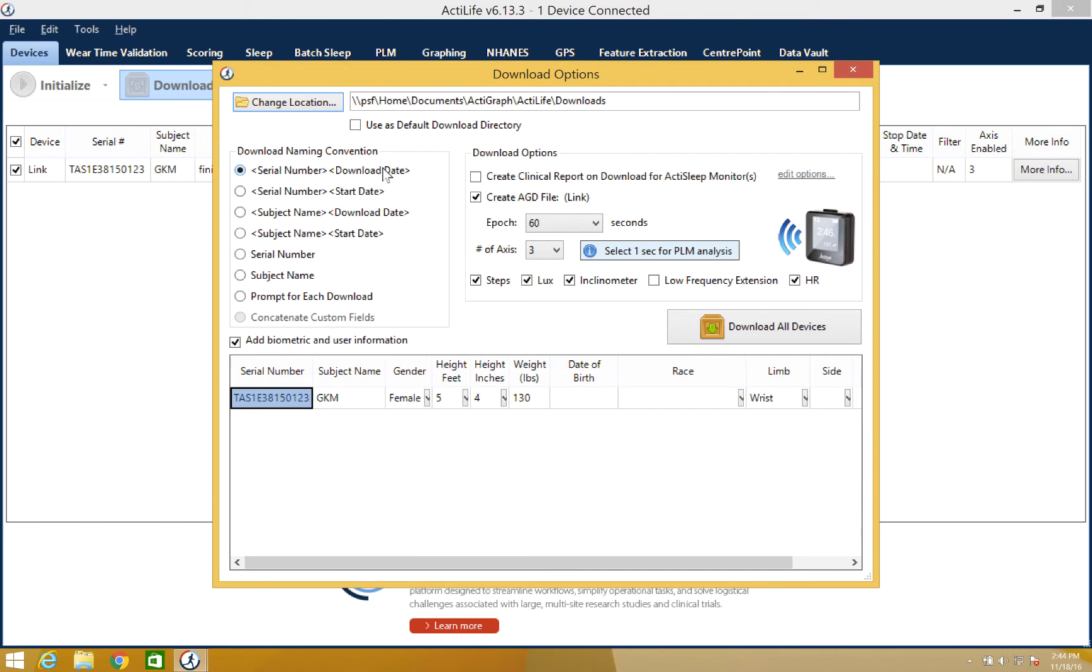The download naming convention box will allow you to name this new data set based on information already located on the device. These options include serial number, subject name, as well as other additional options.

————————

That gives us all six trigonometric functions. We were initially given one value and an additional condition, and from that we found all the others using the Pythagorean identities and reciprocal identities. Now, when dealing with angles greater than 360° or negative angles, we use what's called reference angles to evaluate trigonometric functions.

————————

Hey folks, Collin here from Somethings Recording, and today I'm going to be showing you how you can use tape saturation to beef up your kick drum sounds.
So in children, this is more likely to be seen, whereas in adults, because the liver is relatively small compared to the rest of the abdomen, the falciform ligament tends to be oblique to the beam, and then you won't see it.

————————

> [TASK STATEMENT]: Starting at the line with "Hey folks, Collin" and ending at the line with "So in children, this", print each line of the listing above exactly, with no other lines.

> [YOUR SOLUTION]:
Hey folks, Collin here from Somethings Recording, and today I'm going to be showing you how you can use tape saturation to beef up your kick drum sounds.
So in children, this is more likely to be seen, whereas in adults, because the liver is relatively small compared to the rest of the abdomen, the falciform ligament tends to be oblique to the beam, and then you won't see it.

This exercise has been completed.